Tetradecylthioacetic acid and tetradecylselenoacetic acid inhibit lipid peroxidation and interact with superoxide radical

Reactive oxygen species are thought to induce cellular damage and to play a pathological role in several human diseases. Tetradecylthioacetic acid (TTA) was previously reported to prevent the oxidative modification of low-density lipoprotein (LDL) particles and to act as an antioxidant. In this study we present a new fatty acid analogue, namely tetradecylselenoacetic acid (TSA), in which the sulfur atom of TTA is replaced by a selenium atom. TSA was more potent than TTA in increasing the lag time before the onset of LDL oxidation and this effect was dose dependent.

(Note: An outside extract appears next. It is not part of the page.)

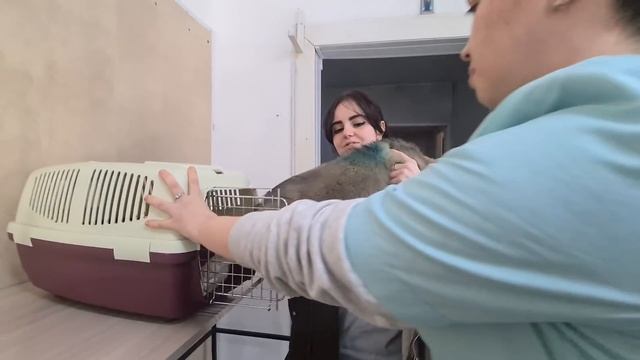 Спасённого из кладбища щенка привезли на осмотр к врачу после болезни смотреть онлайн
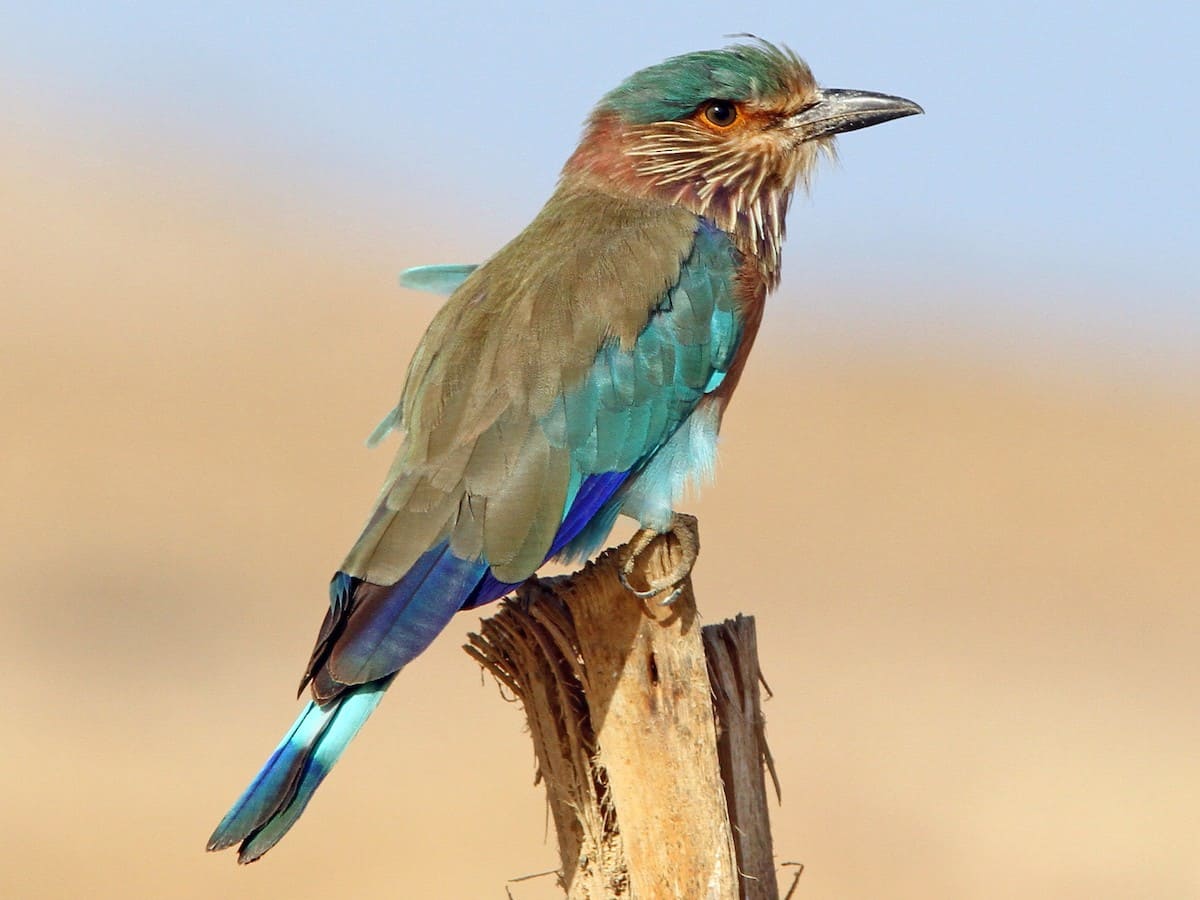 Indian Roller.jpg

TTA and TSA were shown to reduce the iron-ascorbate-induced microsomal lipid peroxidation, TSA being more efficient than TTA. TTA and TSA, in the presence of iron, interacted with the superoxide radical as assessed by direct and indirect testing methods. TSA like TTA failed to scavenge 1.1-diphenyl-2-picrylhydrazyl radicals. TSA bound copper ions as shown by the wavelength spectra measurement. These results suggest that TTA and TSA exert their antioxidant capacity by interaction with copper or iron ions in radical scavenging, TSA being more potent than TTA. Nevertheless, a chelating effect resulting in chemically inactive metal ions cannot be excluded.